Sucrose nods. "Right away, Mr. Albedo."
As his assistant turns away, only then does Albedo realize just how different she looks. Dark bags hang under her eyes, a mirror of the ones under his own, and her clothes hang off her bones a little more than they used to. The slouch of her shoulders, the curve of her spine—somehow, it all looks overwhelmingly sad.
He clears his throat. "Sucrose?"
A pause at the door, one hand on the knob. "Yes?"
"I'm sorry."
And he means it. For tonight, for this project, for everything.
She smiles, though the sentiment doesn't quite reach her eyes. "I know. I am too."
/
There is a crumpled photograph sticking out of the pocket of the scientist's lab coat.
You notice it first when he's leaning over you, one hand gently thumbing under your eye to pull at the thin skin of your lower eyelid. He's looking for redness, he tells you, or any other symptoms related to your vision. You tell him that your vision is fine, but he checks anyway.
The photograph looks to be years-old, based on the way the edges are faded and the corners are dog-eared, but it's still visible enough. You recognize a younger version of the man before you, along with two others—an older woman, and a young girl. His family, you suppose.
It's an interesting thing to keep in his lab coat. Most other scientists you've met only kept pens and needles and pipettes in theirs. It's a sweet gesture, really. It must be nice to have family waiting for you back home, to have a purpose in your hard work.
You're not entirely sure what your purpose is.
You remember being augmented. You don't remember why. You don't remember who did this to you. All you remember are the screams, agonizing pain like skin tears from bone, the white fluorescent lighting overhead. Even now, the distinct scent of chemicals seems to cling to your skin wherever you go.
You'll never escape that part of yourself. And even if you could, you're not sure that you would.
You've been told that you're an essential piece in this war—the only one of your kind. That's why this man is trying to replicate your condition. It makes you useful. You find that you like that feeling, even if it's all that you have.
The scientist tells you that your memories have grown increasingly faint recently.
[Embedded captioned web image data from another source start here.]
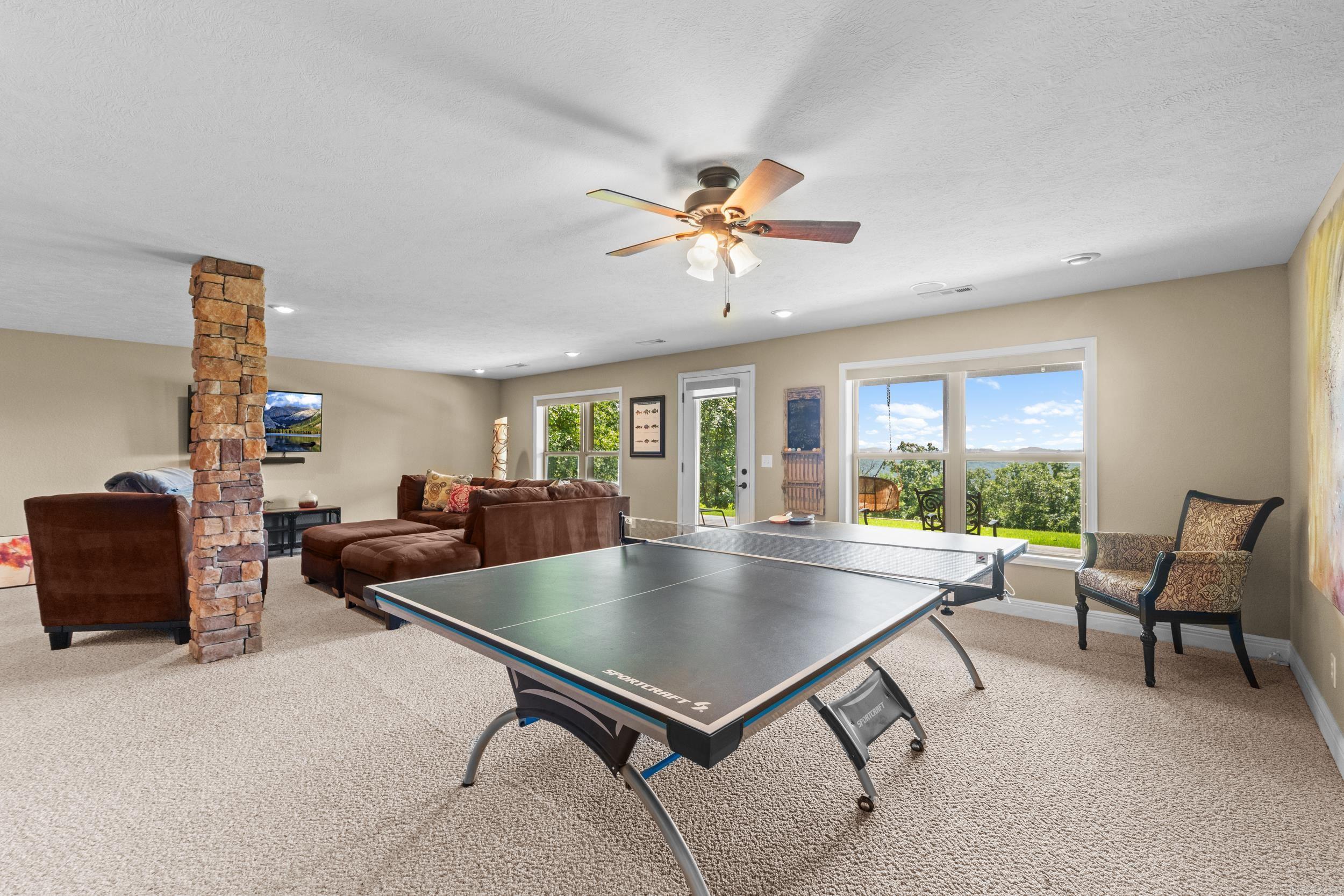 ROBINSON POINT ESTATES - Residential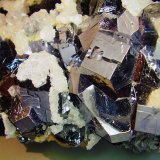 Galena, Esfalerita, Calcita
12x11 cm
(Autor: geoalfon)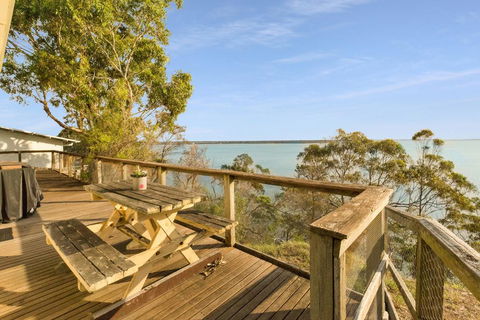 Lakescapes Cottage - 180 Degree Panoramic Views - Accommodation VIC 1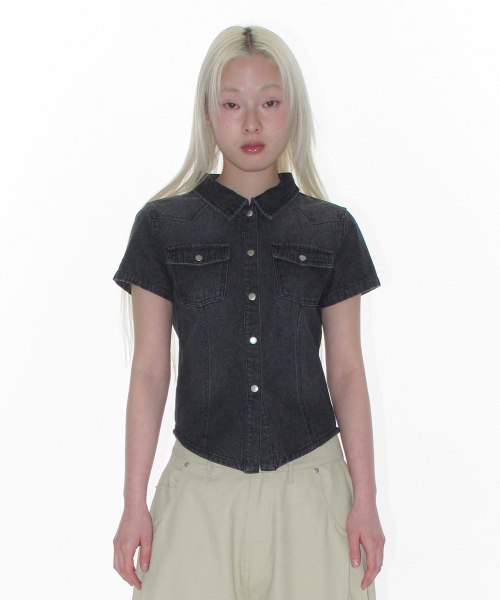 AMESWORLDWIDE(アメスワールドワイド)の「DENIM SHORTSLEEVE SHIRTS BLACK(シャツ/ブラウス・レディース・その他・FREE)」の5枚目の写真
You're forced to believe him, because you can't remember it ever being different. Before today, had you been able to remember the soldiers who fought alongside you? Before today, had you been able to remember yourself?
You ask him for his name. He blinks once at the question, almost in slow-motion, like the slow drip of honey.
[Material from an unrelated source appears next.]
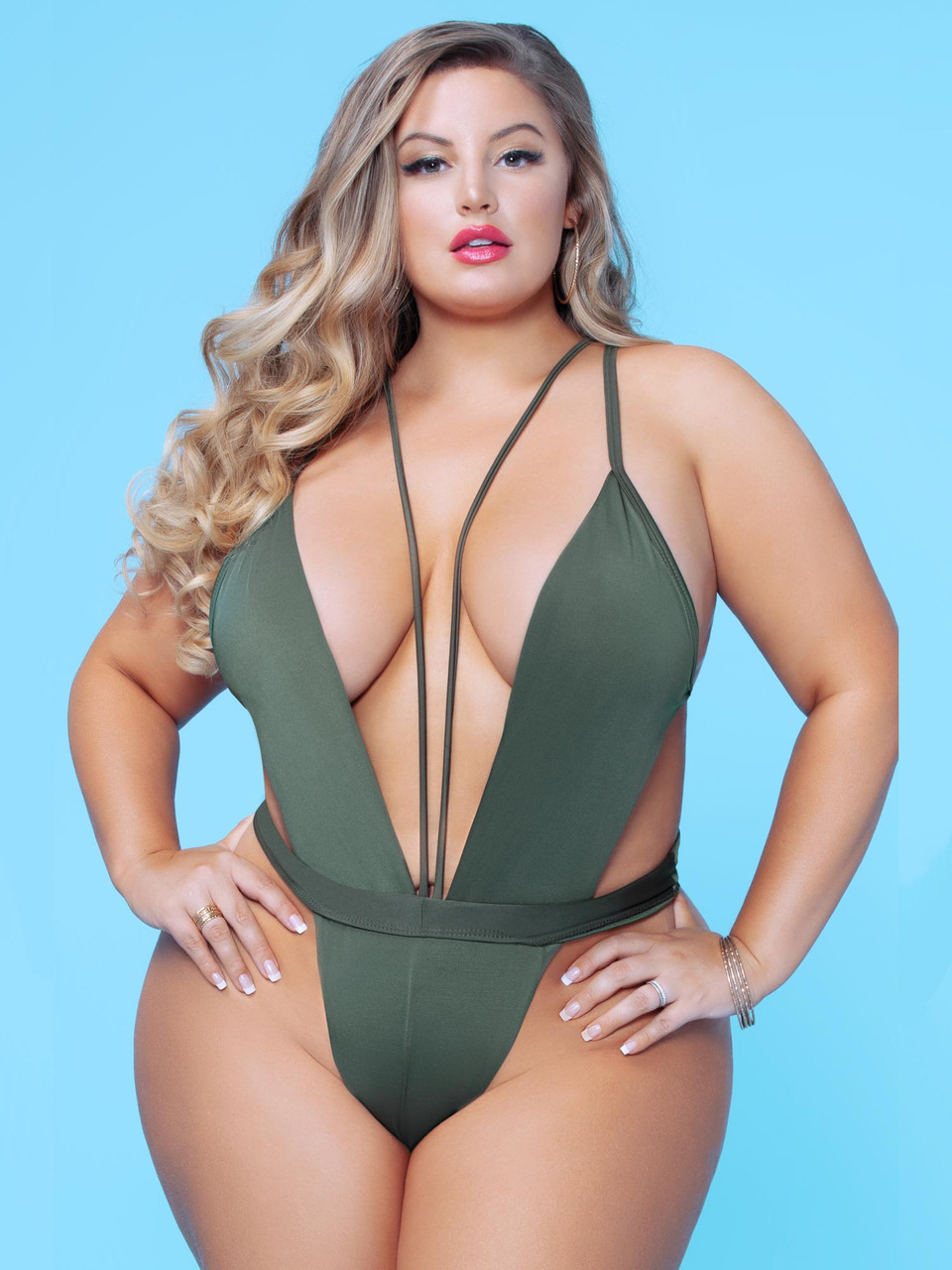 Plus Size Swimsuits, Plus Size Bikini. plus size swim outfits.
"It's better if you don't know," he replies. An odd answer, you think.
Even the worst of the worst scientists that you've encountered always wanted you to know their names. It was an ego thing, or so you assume—these types tended to want their name on everything, so obsessed with their ability to change the world under their personal vision.
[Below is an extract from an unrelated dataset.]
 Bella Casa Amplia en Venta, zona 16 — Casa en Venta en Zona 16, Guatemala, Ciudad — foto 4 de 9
But the man before you simply shrugs before telling you you're free to go for today.
He doesn't wait to watch you leave. Instead, he makes a beeline for the three filing cabinets in the corner of the room, pulling drawers open and yanking out random sheets of paper. You don't recognize the symbols on them too well—chemical formulas, biological diagrams, and the like.
In his hurry, the photograph slips out of his pocket. He doesn't notice the motion, but you do. You watch the thin sheet flutter to the ground a few inches away from you, a flake to the first snow.
When you lean down to pick it up, you notice the dark scrawl over the back. It's a series of tally marks, messily scattered about with seemingly no rhyme or reason. You count them.
Sixty.
The number has no meaning to you, and you're not sure why you thought it would. Obviously, it's some sort of personal counter for the scientist before you—perhaps the days that he's been away from his family. That would make sense, you think, especially during a war time.
"Sixty days is a lot," you offer, trying to catch his attention to return the photo. The man stops, a stack of files still clutched in one hand. He looks paralyzed, caught in the passage of time.
"Pardon me?"
"You dropped your photo," you explain. Seeing that he clearly has his hands full, you opt to place it back on his desk. "You have a lovely family. I hope you get to see them again soon."
The man turns to face you. His eyes are half-lidded, and something about his expression reminds you of something delicate—the edges of glass, or the first petal of spring.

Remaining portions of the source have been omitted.